- My favorite article was The Underground Economy: Priceless by Team Cymru (.pdf available for free now). The article described the sorts of stolen material one can find circulating in the
underground. It's a definite wake-up call for anyone who doesn't pay attention to that issue. Choice quotes include:
Entire IRC networks--networks, not just single servers--are dedicated to the underground economy. There are 35 to 40 particularly active servers, all of which are easy to find. Furthermore, IRC isn't the only Internet vehicle they use. Other conduits include, but are not limited to, HTTP, Instant Messaging, and Peer-to-Peer (P2P)...
This is the greatest failure of new technology--a rush to market, without consideration of the risks and a cost/benefit analysis. This is at the heart of the security problem. Certainly, that is not to say that industries should not capitalize on technological advances but, rather, that they should consider risk and threat mitigation strategies prior to bringing any product to market...

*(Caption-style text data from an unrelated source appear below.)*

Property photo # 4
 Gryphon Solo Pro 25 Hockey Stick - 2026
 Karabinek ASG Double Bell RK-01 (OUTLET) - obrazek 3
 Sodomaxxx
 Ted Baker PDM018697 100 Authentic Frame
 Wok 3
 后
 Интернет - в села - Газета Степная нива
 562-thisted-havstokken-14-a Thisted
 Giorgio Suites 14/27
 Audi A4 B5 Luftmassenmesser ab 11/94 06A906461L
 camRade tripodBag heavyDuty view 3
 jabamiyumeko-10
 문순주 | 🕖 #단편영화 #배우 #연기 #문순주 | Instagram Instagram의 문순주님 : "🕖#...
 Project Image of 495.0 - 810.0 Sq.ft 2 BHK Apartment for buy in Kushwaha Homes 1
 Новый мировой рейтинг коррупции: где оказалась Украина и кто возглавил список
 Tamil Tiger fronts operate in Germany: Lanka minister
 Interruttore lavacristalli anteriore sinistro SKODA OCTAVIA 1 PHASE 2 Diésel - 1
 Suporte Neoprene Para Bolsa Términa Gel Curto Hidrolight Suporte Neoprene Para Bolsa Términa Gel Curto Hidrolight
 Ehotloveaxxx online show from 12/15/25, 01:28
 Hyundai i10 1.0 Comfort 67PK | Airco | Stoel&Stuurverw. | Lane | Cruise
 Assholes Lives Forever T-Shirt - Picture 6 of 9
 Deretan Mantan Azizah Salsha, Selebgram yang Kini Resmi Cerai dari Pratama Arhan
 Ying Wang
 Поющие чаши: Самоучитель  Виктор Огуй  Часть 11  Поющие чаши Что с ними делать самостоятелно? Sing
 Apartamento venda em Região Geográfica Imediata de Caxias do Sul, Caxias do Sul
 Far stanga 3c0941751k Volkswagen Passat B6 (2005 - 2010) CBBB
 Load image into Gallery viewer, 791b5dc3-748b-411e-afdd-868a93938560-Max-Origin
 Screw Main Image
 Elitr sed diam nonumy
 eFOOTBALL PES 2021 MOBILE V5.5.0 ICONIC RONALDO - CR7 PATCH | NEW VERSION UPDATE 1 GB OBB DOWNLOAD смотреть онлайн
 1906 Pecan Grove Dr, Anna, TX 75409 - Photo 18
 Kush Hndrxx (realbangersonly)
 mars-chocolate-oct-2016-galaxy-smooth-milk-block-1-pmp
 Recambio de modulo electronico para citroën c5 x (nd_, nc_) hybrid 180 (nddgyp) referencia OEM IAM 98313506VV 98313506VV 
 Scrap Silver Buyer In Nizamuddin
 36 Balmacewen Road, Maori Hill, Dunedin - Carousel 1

The underground economy is fertile ground for the pursuit (and, we hope) prosecution of the miscreants. Most of the underground economy servers are public, advertised widely, and easy to find (standard IRC ports, very descriptive DNS RRs, etc.). There is absolutely no presumption of privacy in the underground economy; the channels aren't hidden, the channels have no keys, and the servers have no passwords. The clients in these channels are widely divergent. Think about what has just been shared:
1. There is no need for specialized IRC clients.
2. There is no need to rapidly track ever-changing DNS RRs and IPs.
3. There is no need to pull apart every new permutation of malware.
4. There is no need to hide, period.
- Jan Göbel, Jens Hektor, and Thorsten Holz wrote Advanced Honeypot-Based Intrusion Detection, describing a combination of tools like Nepenthes, CWSandbox and local solutions.
- In The Security of OpenBSD: Milk or Wine? by Andy Ozment and Stuart E. Schechter demonstrate OpenBSD security has improved over time.
- In White Worms Don't Work by Nicholas Weaver and Dan Ellis, the pair argue "good" worms don't work.
- Michael B. Scher shares his legal expertise in On Doing "Being Reasonable".
- In the New Security Paradigms Workshop (NSPW '06) conference write-up (.pdf, available for free now), I read this interesting summary:
Panel: Control vs. Patrol: A New Paradigm for Network Monitoring Panelists: John McHugh, Dalhousie University; Fernando Carvalho-Rodrigues, NATO; David Townshed, University of New Brunswick; The panelists debated the idea of an independent network-monitoring authority operating to ensure network integrity. The panelists contrast their concept of patrol versus more traditional discussions of network monitoring, which, in their perspective, are control- or ownership-oriented. The analogy driving the discussion was the role of highway patrols: Where a person drives in public spaces is their own business but that they were present is publicly accessible knowledge.
Another summary wrote:
Challenging the Anomaly Detection Paradigm: (.pdf) Carrie Gates, CA Labs; Carol Taylor, University of Idaho; This paper described weaknesses the authors perceived in the anomaly detection paradigm. The authors identified and questioned assumptions in three domains: the rarity and hostility of anomalies, problems in training data, and incorrect assumptions about operational requirements.
In the first case, the authors argue that the assumptions made about the "normalcy" of data differ both since Denning's original studies and owing to changes in scope: Network data is more complex than system logs, and network data today is far more hostile than at the time of Denning's paper. In the second case, there are implicit assumptions about training data, such as the normalcy of a previous sample and the rarity of attacks that overlap this former case. Finally, the operational constraints were discussed in depth, with several commentators noting that the acceptable false-positive rate among the operational community is close to zero. (emphasis added)
Journals like ;login: are another great reason to be a USENIX member.